Building a core accessibility team is often a major difference in the success or failure of many accessibility initiatives. I’ve seen accessibility champions break under the pressure of attacking this alone. Building a core accessibility team won’t be without its challenges, but focusing on the design of your core accessibility team it will help you break down the accessibility challenge into digestible pieces and it will be very rewarding.
Step One: Learn the Basics of Accessibility
If you are managing an accessibility program, it is mission critical that you understand the basics of accessibility. If you have a business or managerial background, take the time to learn some basic accessible coding and design techniques. If you have a development background, learn about policy and design. Accessibility is such a large and fast-moving field, it is very important to understand the basics in multiple disciplines before you jump into the nuances of accessibility practices.
Step Two: Secure Executive Support
The next and most important step is to secure executive support for your new accessibility program. This is vital for the accessibility program to have a viable future.

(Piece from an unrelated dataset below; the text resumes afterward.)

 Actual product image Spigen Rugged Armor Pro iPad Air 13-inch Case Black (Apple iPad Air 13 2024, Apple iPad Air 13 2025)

Be sure to schedule regular meetings with the executive(s) so that you have buy-in at every step of the way.
Remember, accessibility is not only important, but it will save your organization money in the long run: don’t be afraid to ask for support. If your position requires budgeting, this is the time to ask the tough questions so that you have the necessary resources for success.
Step Three: Create a Core Accessibility Team
Once you have executive buy-in, it is time to create a core accessibility team. It’s best to provide a point-person for the most important disciplines, ideally, it is someone who has expertise in that area.
This is especially important for design, development, and quality assurance (more disciplines are listed below). Strive to acquire team members who represent diversity in ability, culture, gender, and age. Below are the roles that each point-person will champion in your core accessibility team:
- Executives: support the program
- Product and Project managers: run the program
- Content authors and contributors: provide accessible content
- Design (visual, interaction, user experience): provide accessible interaction and visual design
- Usability testing: provide user testing
- Development: provide code to support accessibility
- Quality Assurance: provide accessibility testing
- Legal: provide legal support (and leverage)
- Human Resources: hiring and training
Step Four: Create a Set of Accessibility Guidelines
Next, your organization must collectively decide on a set of accessibility guidelines to be followed. Possible guidelines and laws include:
- WCAG 2.0 AA (guideline)
- Section 508 (U.S.) (law)
- The 21st Century Communications and Video Accessibility Act (CVAA) (U.S.) (law)
- The Accessibility for Ontarians with Disabilities Act (AODA) (Ontario, Canada) (law)
It is common practice to customize and build your own guideline within your organization, this will help point-persons specialize their roles. It is important to note that the more the documentation deviates from the guidelines, the more maintenance and explanation may be involved down the road, including for legal support.
Step Five: Do an Accessibility Assessment of Your Company
The final step is to assess the current state of accessibility for your product, public-facing web pages, and internal web pages. This can be a large project, depending on the amount of content there is to assess. There are a variety of ways to perform an assessment, such as manually (for small amounts of content) or by using automated tools to get a high-level overview (for large amounts of content). To help you with an accessibility assessment, consider Deque Systems’ products and services.
Once your core accessibility team is chosen and your team is assessing your organization’s product and web pages, be sure that each member is 100% committed to accessibility at every step. Team members may be prepared and have the necessary experience, but if that team member is not fully invested in the core values of accessibility then they will not bring value to your mission. Good luck in creating your core accessibility team and making your organization more accessible!